Circulation in Spaces of Knowledge Between Asia and Europe. Rumphius’ Amboinsche Rariteitkamer (1705) and its Poetics of Knowledge

Abstract:

The Amboinsche Rariteitkamer (Ambonese Curiosity Cabinet), written on the Moluccan islands in the last decades of the 17th century and published in Amsterdam in 1705, can be regarded as a ‘third space’ of knowledge in between Asia and Europe. The book contains descriptions of soft and hard shellfish, minerals and stones around and on Ambon and its surroundings and was written by Georg Everhard Rumphius, a civil servant of the Dutch East India Company (VOC). The book witnesses his contact and cooperation with secretaries and draughtsmen provided by the VOC, local informants, as well as naturalists and collectors of rarities in Asia and Europe. In our research project, we analyze it as medium of the circulation of knowledge between Asia and Europe.

In my lecture, I want to address the question whether the colonial settings in which the research for the book was carried out, it was written and published, left traces in the book. By a few exemplary cases, mainly from the third book of the Curiosity Cabinet on minerals and stones, I want to show how the poetics of knowledge, i.e. the rhetorical means and metaphors as well as the strategies by which the text presents knowledge, is influenced by its colonial context.

For this purpose, I work with the keywords wonder, trade, power, and incorporation.

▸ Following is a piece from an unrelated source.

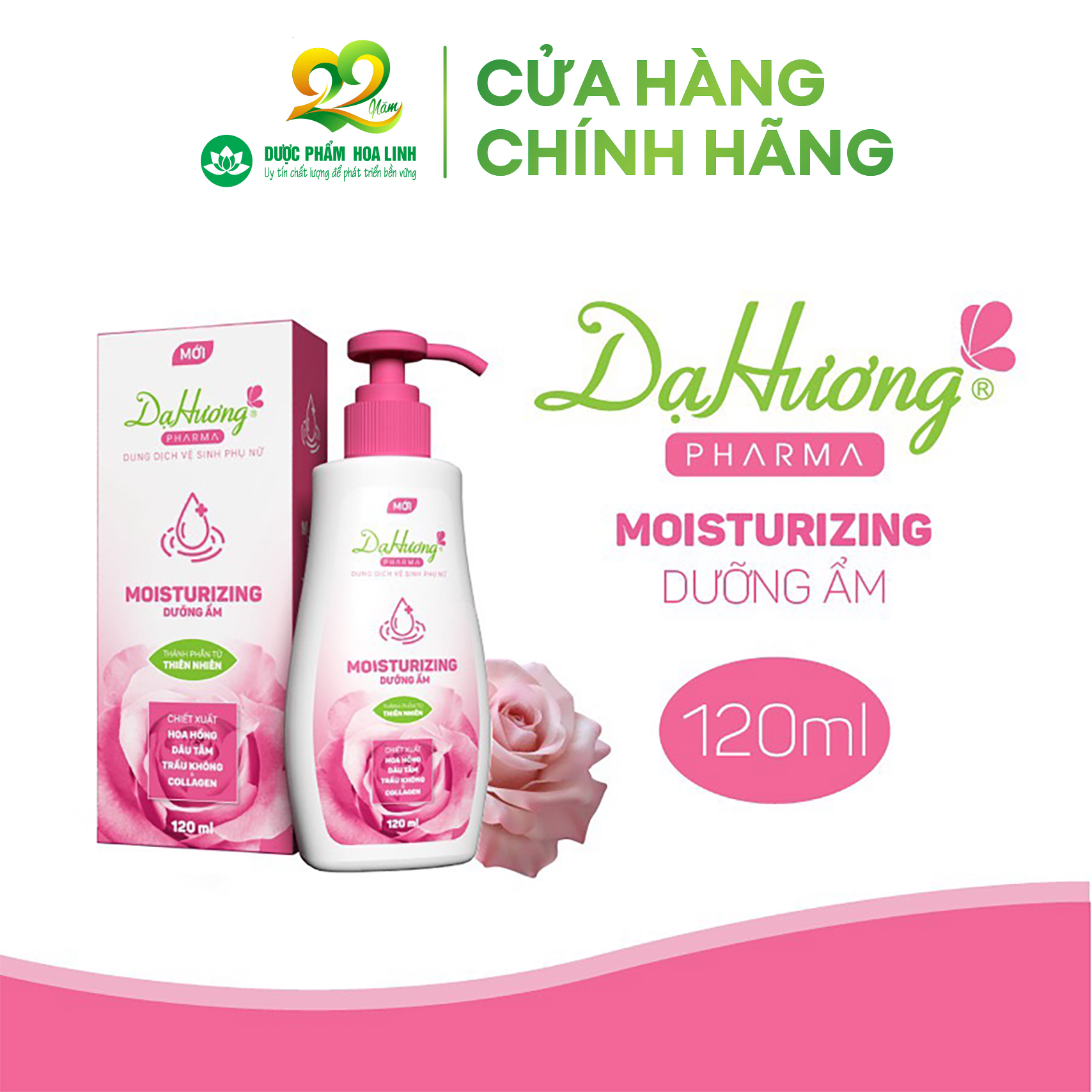 Dung dịch vệ sinh phụ nữ Dạ Hương Pharma Moisturizing (Dưỡng ẩm, làm mềm mịn & sáng hồng) 120ml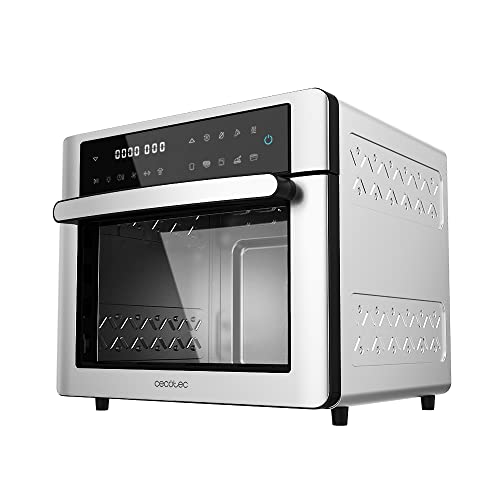 Cecotec Horno Freidora de Aire Caliente Bake&Fry 3000 Touch Steel. 1600 W, 30 Litros, Convección, Pantalla Táctil, 9 Funciones, Temperatura y Altura Regulable, Acero Inoxidable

The framework of the text, produced by the publisher François Halma and the editor Simon Schijnvoet in Amsterdam, establishes a poetics of wonder, a religiously inspired amazement caused by the objects described and depicted in the Curiosity Cabinet. Wonder, the first reaction to the encounter with the unknown and strange, is quickly followed by an appropriation of the admired objects, a taxation of their value as commodities. The hierarchy of power between the VOC and their officials on the one hand and the local population on the other hand is present in the descriptions of the objects, as they are sometimes made available making use of colonial power. The new knowledge acquired by investigating nature and questioning local informants is incorporated into the European body of knowledge about natural history. The “exotic” is made familiar by connecting it to the tradition of humanist scholarship.